0

I am using RSelenium for web scraping. Now I have an xpath of a certain XML node from a dynamically generated web page. The child nodes are of the same kind. However, I have no a priori knowledge about the number of child nodes. (For instance, when you search for a rare item on a shopping website, you may run into this kind of situation.)

In general, how can I obtain the following information?

1) The numbers of a node's child nodes. 2) The xpath(s) of above. My goal is to apply actions throughout each child nodes (e.g. fill, check or click, depend on what kind the node is).

I see some xpaths using xpath helper in chrome.

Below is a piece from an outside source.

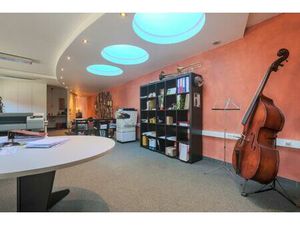 Centraal gelegen  design- kantoorruimte van +/- 100m². EN...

Then I am completely stuck.

Preferably exemplified using RSelenium. httr + rvest is also acceptable.

Bill Huang
  • 4,491
  • 2
  • 13
  • 31

1 Answers1

1

A rvest solution would be the following:

require(rvest)
your_xpath = "YOUR XPATH"
doc <- read_html(remDr$getPageSource()[[1]])
children <- doc %>% html_node(xpath=your_xpath) %>% html_children()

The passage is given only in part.